A recent SPLC article showed that Russell had spent his post-release period secretly organizing and propagandizing for neo-Nazi causes. Like Humber, Russell aggressively promoted Terrorgram propaganda. He was also active in many of the same chats as Humber, including one she owned: “Cats Enjoyers Anonymous.” On more than one occasion, Humber and Russell joined Telegram chats immediately after one another. In one instance, Russell joined a chat shortly after Humber began engaging with another member, and the pair engaged in what appeared to be a tag-team sales approach to push their propaganda onto a potential sympathizer. In another instance, a chat member asked if Humber planned to narrate more propaganda. Russell chimed in and answered for Humber before she even answered for herself.
In the weeks leading up to Russell’s most recent arrest, Humber posted messages gloating and taunting about the lack of leads in the recent substation attack in Moore County, North Carolina. While the culprits are still at large and their motives remain unknown, right wing terror’s favorite ideologues like James Mason have long advocated for infrastructure attacks. Immediately after Russell was arrested, Humber was seen defending him and AWD and posting about how much she “loves [her] terror bros”. The day after Russell’s charging documents were unsealed, it was back to terror-posting as usual for Humber, who was encouraging anyone who might heed her message to film themselves as they commit mass-murder:
“It’s been way too long since we’ve had a LIVESTREAM TO REMEMBER…

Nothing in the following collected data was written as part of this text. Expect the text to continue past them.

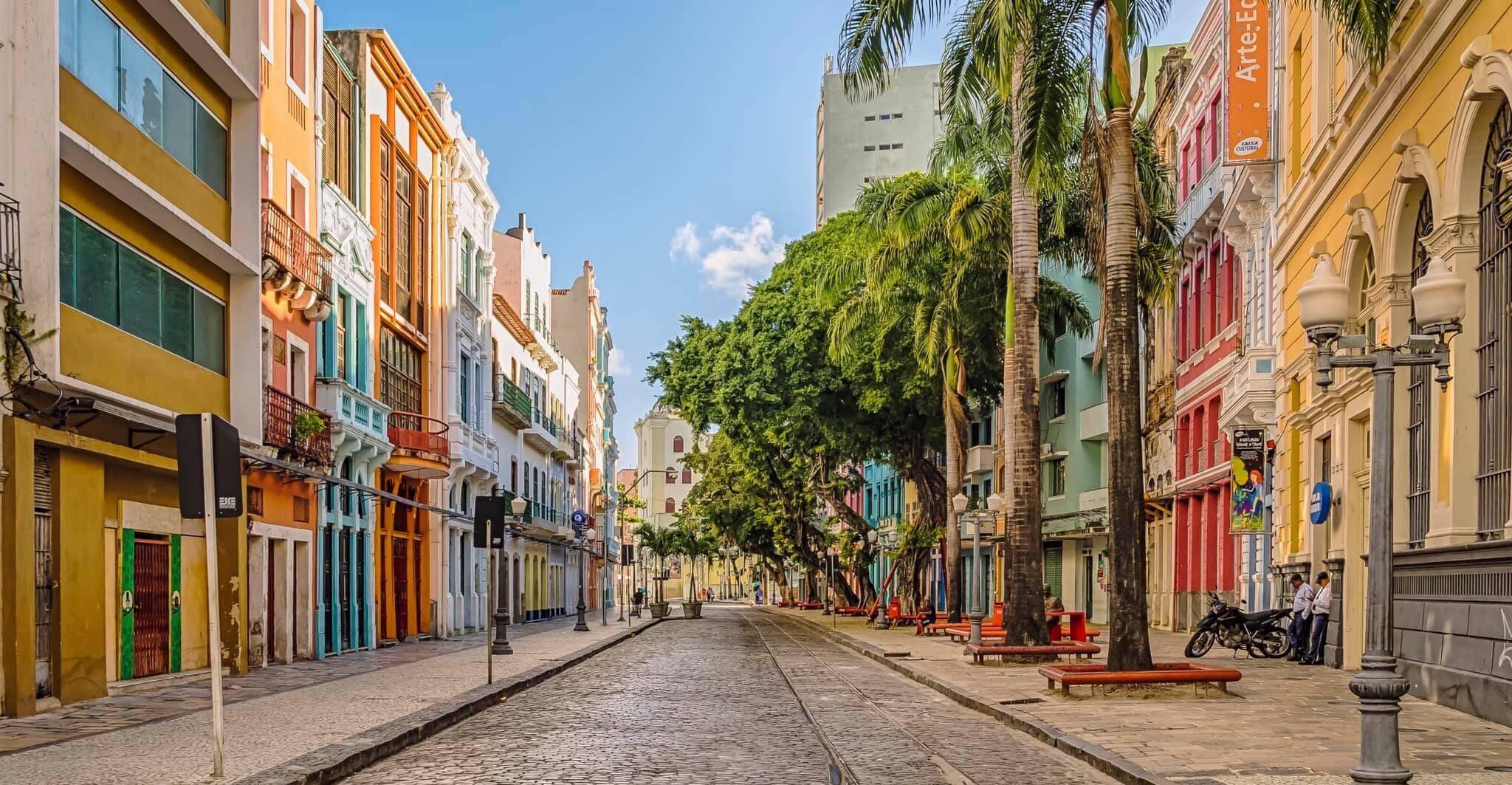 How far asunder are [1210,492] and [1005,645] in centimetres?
1455

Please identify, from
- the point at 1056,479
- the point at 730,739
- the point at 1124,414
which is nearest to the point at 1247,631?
the point at 1124,414

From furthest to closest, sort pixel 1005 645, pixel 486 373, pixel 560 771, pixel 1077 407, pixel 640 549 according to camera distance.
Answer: pixel 640 549 → pixel 1077 407 → pixel 486 373 → pixel 1005 645 → pixel 560 771

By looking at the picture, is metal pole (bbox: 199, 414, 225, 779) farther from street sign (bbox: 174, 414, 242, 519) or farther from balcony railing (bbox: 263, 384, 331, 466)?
balcony railing (bbox: 263, 384, 331, 466)

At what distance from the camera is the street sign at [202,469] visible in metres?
11.3

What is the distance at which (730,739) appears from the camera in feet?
48.8

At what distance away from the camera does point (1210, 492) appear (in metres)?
38.8

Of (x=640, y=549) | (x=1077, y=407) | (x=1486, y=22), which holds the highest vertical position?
(x=1486, y=22)

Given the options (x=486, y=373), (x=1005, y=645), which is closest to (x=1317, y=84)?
(x=1005, y=645)

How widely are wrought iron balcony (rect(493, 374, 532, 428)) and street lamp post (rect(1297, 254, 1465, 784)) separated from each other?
39855 mm

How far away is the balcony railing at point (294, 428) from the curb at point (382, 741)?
6.26 m

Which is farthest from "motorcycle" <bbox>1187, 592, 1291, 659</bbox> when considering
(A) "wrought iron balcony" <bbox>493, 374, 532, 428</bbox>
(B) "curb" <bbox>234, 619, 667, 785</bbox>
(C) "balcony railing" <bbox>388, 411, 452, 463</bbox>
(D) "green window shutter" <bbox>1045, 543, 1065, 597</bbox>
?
(D) "green window shutter" <bbox>1045, 543, 1065, 597</bbox>

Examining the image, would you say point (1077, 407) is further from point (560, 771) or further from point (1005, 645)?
point (560, 771)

YOU could change that, if you wanted to…
Be the change, Brother.
Break the monotony.
Give us something to celebrate.
YOU. GOT. THIS.”
Nazism is a cult for people for people who are dead inside. Those who adhere to it worship death and whitewash failure. Throughout her life, Dallas Humber has chosen to go out of her way for violent failures of men, from her pedophile boyfriend to the Nazis she tries to cultivate online. Luke Kenna, the Church of Aryanity member who LCRW previously covered, got caught with body armor and a ghost gun during a routine traffic stop. Kenna, Brian Tierney and Michael J. Brown thought pretending their armed robbery plot was a screenplay they were writing together would fool the cops if they were found out. It didn’t. Brandon Russell did four years for getting caught plotting terror then bragged about a plan to commit more terror to an FBI informant after he got out. Even “martyrs” like the Tepláreň shooter didn’t achieve the kind of violence they really wanted and wound up dying just like Hitler—a loser whose story ended with a brief flash of lead and cordite.
But sometimes, as was the case with the Tepláreň shooter, their failures are still deadly—and Humber wants to push more men like that over a murderous ledge.